Items listed in a dataset:
%%
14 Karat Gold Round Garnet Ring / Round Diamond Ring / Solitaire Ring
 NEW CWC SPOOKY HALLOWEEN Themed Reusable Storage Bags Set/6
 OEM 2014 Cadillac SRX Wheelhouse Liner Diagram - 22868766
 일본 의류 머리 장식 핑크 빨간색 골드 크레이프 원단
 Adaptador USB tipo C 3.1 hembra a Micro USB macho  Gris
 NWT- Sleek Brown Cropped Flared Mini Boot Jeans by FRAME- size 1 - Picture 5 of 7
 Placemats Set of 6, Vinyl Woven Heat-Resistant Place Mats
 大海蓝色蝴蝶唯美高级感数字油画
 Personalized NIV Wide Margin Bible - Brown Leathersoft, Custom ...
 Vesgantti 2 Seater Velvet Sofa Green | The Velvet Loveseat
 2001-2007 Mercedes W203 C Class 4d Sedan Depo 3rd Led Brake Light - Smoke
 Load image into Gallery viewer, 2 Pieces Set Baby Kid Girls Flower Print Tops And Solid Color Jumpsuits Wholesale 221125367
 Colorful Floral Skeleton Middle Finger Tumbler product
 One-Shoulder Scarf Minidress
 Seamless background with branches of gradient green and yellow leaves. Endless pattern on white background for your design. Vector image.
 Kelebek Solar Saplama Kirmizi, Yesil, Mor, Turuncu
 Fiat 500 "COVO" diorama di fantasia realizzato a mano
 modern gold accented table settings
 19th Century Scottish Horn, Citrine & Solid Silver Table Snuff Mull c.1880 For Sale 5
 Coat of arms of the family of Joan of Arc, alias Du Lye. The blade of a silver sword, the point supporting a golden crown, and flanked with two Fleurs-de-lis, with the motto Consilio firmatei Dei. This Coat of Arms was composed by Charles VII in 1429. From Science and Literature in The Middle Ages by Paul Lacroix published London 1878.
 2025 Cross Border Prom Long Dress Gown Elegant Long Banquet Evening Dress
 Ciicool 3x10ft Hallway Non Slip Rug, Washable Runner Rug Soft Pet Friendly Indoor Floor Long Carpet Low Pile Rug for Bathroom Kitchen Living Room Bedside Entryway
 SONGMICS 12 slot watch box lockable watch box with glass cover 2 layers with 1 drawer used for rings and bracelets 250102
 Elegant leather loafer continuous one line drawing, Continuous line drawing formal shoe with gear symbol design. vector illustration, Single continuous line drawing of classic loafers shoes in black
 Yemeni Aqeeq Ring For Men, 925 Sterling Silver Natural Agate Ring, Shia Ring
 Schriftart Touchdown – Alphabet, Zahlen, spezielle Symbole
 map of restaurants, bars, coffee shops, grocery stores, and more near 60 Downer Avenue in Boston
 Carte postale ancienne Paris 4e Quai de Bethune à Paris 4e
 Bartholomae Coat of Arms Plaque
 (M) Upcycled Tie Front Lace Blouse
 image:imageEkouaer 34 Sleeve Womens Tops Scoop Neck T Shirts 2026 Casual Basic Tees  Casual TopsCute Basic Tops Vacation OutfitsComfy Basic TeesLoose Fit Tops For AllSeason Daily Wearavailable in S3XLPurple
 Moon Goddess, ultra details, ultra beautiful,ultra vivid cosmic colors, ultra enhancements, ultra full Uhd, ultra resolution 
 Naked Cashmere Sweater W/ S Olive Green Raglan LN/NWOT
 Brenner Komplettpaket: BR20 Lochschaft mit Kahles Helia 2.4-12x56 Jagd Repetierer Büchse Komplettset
%%
● **TASK REQUIREMENTS**
All that is wanted is the stretch of lines above from the one containing "OEM 2014 Cadillac" through the one containing "One-Shoulder Scarf Minidress", duplicated exactly.

● **TASK OUTPUT**
 OEM 2014 Cadillac SRX Wheelhouse Liner Diagram - 22868766
 일본 의류 머리 장식 핑크 빨간색 골드 크레이프 원단
 Adaptador USB tipo C 3.1 hembra a Micro USB macho  Gris
 NWT- Sleek Brown Cropped Flared Mini Boot Jeans by FRAME- size 1 - Picture 5 of 7
 Placemats Set of 6, Vinyl Woven Heat-Resistant Place Mats
 大海蓝色蝴蝶唯美高级感数字油画
 Personalized NIV Wide Margin Bible - Brown Leathersoft, Custom ...
 Vesgantti 2 Seater Velvet Sofa Green | The Velvet Loveseat
 2001-2007 Mercedes W203 C Class 4d Sedan Depo 3rd Led Brake Light - Smoke
 Load image into Gallery viewer, 2 Pieces Set Baby Kid Girls Flower Print Tops And Solid Color Jumpsuits Wholesale 221125367
 Colorful Floral Skeleton Middle Finger Tumbler product
 One-Shoulder Scarf Minidress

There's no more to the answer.